The most perspective algorithm is MCSQRMx, which shows significantly better results than other presented algorithms. MCSQRMx has a high degree of parallelism, which allows implementing it on various microprocessor platforms, that's why further research will focus on its development using specialized software and hardware (e.g., NVIDIA CUDA and OpenCL).

## References

[1] Cohen H., Frey G., Avanzi R., Doche C., Lange T., Nguyen K., Vercauteren F. Handbook of Elliptic and Hyperelliptic Curve Cryptography, Chapman \& Hall/CRC, 2006, 843.
[2] Denis, T., Rose G. (2006). BigNum Math: Implementing Cryptographic Multiple Precision Arithmetic, Elsevier/Syngress, 2006, 315.
[3] Hankerson, D., Menezes, A.J., Vanstone, S. Guide to Elliptic Curve Cryptography, Springer-Verlag Professional Computing Series, 2004, 332.
[4] Kovtun, V.Y., Okhrimenko, A.O. "Approaches for the Parallelization of Software Implementation of Integer Multiplication", Radiotehnika. Vseukrainskij mezhvedomstvennyj nauchno-tehnicheskij sbornik, 171, 123-132. 2012.

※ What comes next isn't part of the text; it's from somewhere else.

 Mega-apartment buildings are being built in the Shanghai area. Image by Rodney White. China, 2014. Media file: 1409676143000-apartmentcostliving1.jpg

[5] Kovtun, V.Y., Okhrimenko, A.O. "Integer multiplication algorithms with delayed carry for public-key cryptosystems". In: V.S. Ponomarenko (Eds.), Informacionnye tehnologi i sistemy v upravlenii, obrazovanii, nauke. Kharkiv: Cifrova drukarnja №1. 69-82. 2013.
[6] Kovtun, V.Y., Okhrimenko, A.O., Nechiporuk, V.V. "Approaches for the performance increasing of software implementation of integer multiplication in prime fields", Zashchita informacii, 1 (54), 68-75. 2012.